Z-Core
A RISC-V RV32IM_Zicsr soft core designed from first principles in synthesisable Verilog. This deep dive walks through the microarchitecture stage by stage, then analyses its measured performance on FPGA.
Z-Core is a RISC-V RV32IM_Zicsr processor I designed from scratch in synthesisable Verilog, and then grew into a full system-on-chip around it. It implements the 32-bit base integer ISA (RV32I), the M extension for hardware multiply and divide, and the Zicsr extension for the control-and-status registers that back machine-mode trap handling and the hardware performance counters. Surrounding the core sits an AXI4-Lite interconnect wiring up main memory and a handful of peripherals: UART, GPIO, a 64-bit timer and, on the FPGA build, a VGA controller.
The aim was never just to get it running, but to get it running well, and to understand exactly where every cycle goes.
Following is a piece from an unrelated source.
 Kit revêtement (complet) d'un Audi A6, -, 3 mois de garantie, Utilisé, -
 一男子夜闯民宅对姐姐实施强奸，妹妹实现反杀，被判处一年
That meant balancing a classic in-order pipeline, building the forwarding and stall logic that keeps it fed, adding a branch predictor to hide control-flow penalties, and designing a memory hierarchy capable of achieving single cycle throughput for memory operations. This is demonstrated by a deep performance analysis presented in the Z-Core performance deep-dive post, where Z-Core ends up running DOOM at playable framerates, and reporting performance metrics compared to state-of-the-art processors for embedded applications. This page is the other half of the story: how the microarchitecture is actually built, stage by stage.
Design specifications
Top-level datapath: the 5-stage pipeline (IF/ID → ID/EX → EX/MEM → MEM/WB) with the register file, decoder, ALU and multiplier, division unit and LSU, the split instruction/data caches, the branch predictor and the AXI-Lite master, plus the inter-stage forwarding paths.
The pipeline follows the textbook five-stage layout: IF (instruction fetch), ID (decode & register read), EX (execute / ALU / branch resolution), MEM (data-memory access) and WB (register write-back), separated by pipeline registers.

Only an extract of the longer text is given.